Why College Admissions Need to Be Using Social Media Monitoring Software
A social media screener can improve admissions processes in more ways than one.
The idea of social media monitoring software has begun to gain traction as colleges and universities face the prospect of unwanted scandals. The case of incoming Temple student Gabe Escobar, the son of the editor of The Inquirer, is illustrative.
If Temple University had been using LifeBrand’s social media monitoring software as part of their admissions process, it’s likely that this story never would have come to light.
The Fix: How College Admissions Scandals Unfold
In June of 2020, Temple University stated that it would investigate complaints about multiple current and prospective students following a damaging find. Gabe Escobar, son of Inquirer editor and vice president Gabriel Escobar, had used the N-word as well as homophobic slurs on Snapchat in 2017.
The university was faced with a public relations nightmare when someone highlighted the posts on Twitter, identified Escobar as an incoming Temple student, and listed the contact information of the university’s admissions office.
Temple University tweeted, “We’re aware of this content and the student associated. We have sent this information to our Dean of Students for further review and investigation.”
Meanwhile, the backlash from parents and students was making itself felt both on the platform and off:
“I’ve paid a lot of money for my daughter to go to Temple for three years. This …(Lord help me) doesn’t deserve to shine her shoes let alone go to the same school! What is there to investigate Temple??? KICK HIM OUT!!!”
“This is unacceptable. I have a number of African American friends who will be attending this fall and behavior like this shouldn’t be tolerated. It leaves people feeling unsafe on campuses they pay tuition for! Pls do something about this.”
Why University Admissions Should Be Using Social Media Background Checks
This story, like so many others, communicates a harmful message about the identity of the university, and will almost certainly make prospective students think twice before applying.
Deans of Admissions have long been loath to formalize the practice of checking social media profiles as part of their admissions process, but many—if not most—offices are already doing it on an informal basis.
Manually scrolling through the social media of prospective students can help identify red flags, but this isn’t feasible when hundreds of applications are waiting to be vetted. In the same way that many employers require a criminal background check before offering a job, universities can use a social media screener to filter out candidates who don’t align with their values. With the use of artificial intelligence technology, the process becomes more efficient and less prone to human error.
LifeBrand’s technology also eliminates the possibility of personal prejudice creeping in. Studies on online bias from Stanford University have shown that people may make unfair judgments (for example, judging someone more harshly for the same behavior due to the color of their skin or other factors), while artificial intelligence is programmed to judge impartially.
Furthermore, integrating social media monitoring tools into the admissions process is completely legal.

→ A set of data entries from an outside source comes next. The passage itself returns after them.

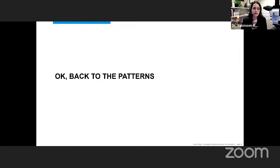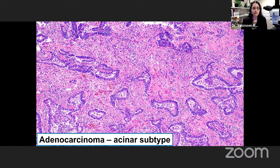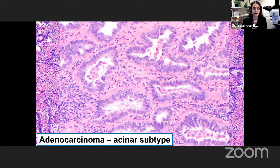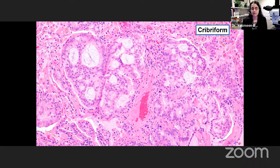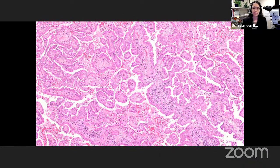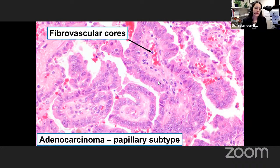A quick review of adenocarcinoma patterns you need to recognize. Acinar subtype is one of the most common — classic angulated glands, hyperchromatic nuclei, desmoplastic stroma. Cribriform or complex glandular patterns are considered high-grade even though technically acinar (intermediate grade), so remember that distinction. Papillary pattern is another very common architectural pattern, synonymous with invasion — you see distinct fibrovascular cores, just like papillary pattern in any other cancer.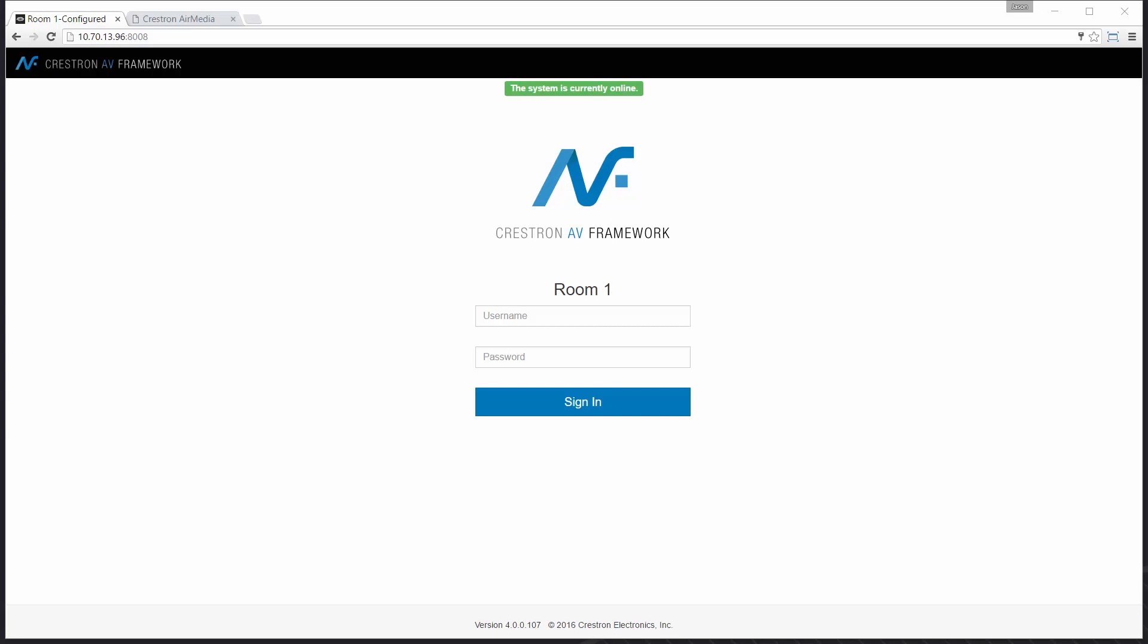Hi and welcome to an AV framework demonstration. My name is Jason. One of the most popular products in the conference or meeting room today is the wireless presentation device. In the next few minutes let me show you how easy it is to add an AirMedia unit to an AV framework system.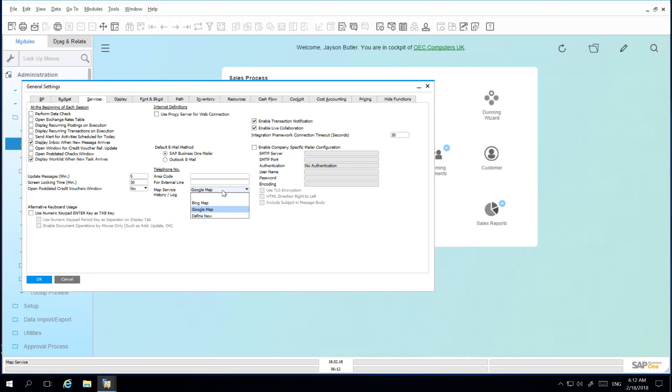This setting is per company and your choice here affects all other users' settings. You can also define a new map service which will then appear in the drop down menu list by selecting Define New.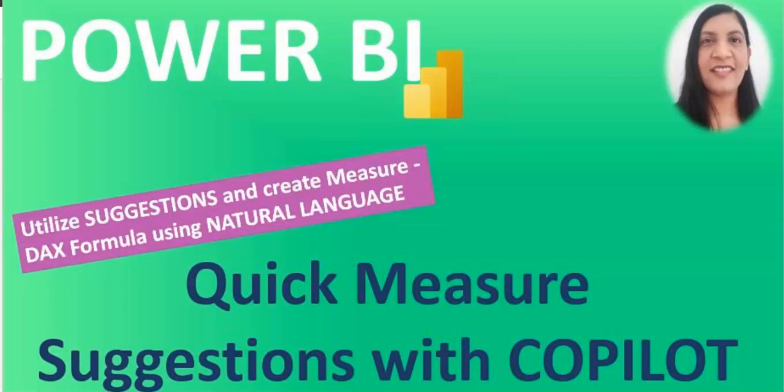Hello everyone, welcome to my channel. In this video, I will be talking about quick measure suggestions.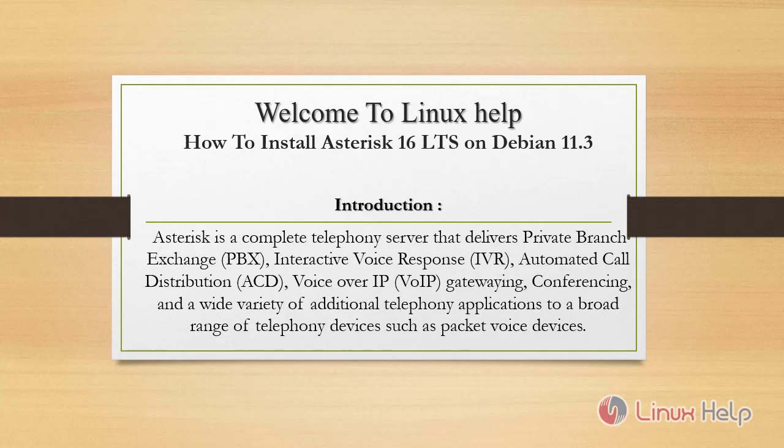Welcome to Linux Help. Today we are going to see how to install Asterisk 16 LTS on Debian 11.3.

Freedom of speech and student privacy rights remain protected when college admissions simply request the scan as part of their process. Prospective students retain control over their profiles when performing the scan. Damaging posts are highlighted for the student to erase or override. Any “overrides” for high-level harmful content are sent to the admissions office for viewing with the student’s full knowledge and consent.
The result? A more honest and transparent admissions process, a dramatic reduction in harmful PR incidents, and a learning opportunity for students about how to use social media responsibly.
Would you like to know more? We’d be glad to make a presentation to you about our services for universities—free of charge. To contact us at LifeBrand, please call 610-529-8662 or email email@example.com.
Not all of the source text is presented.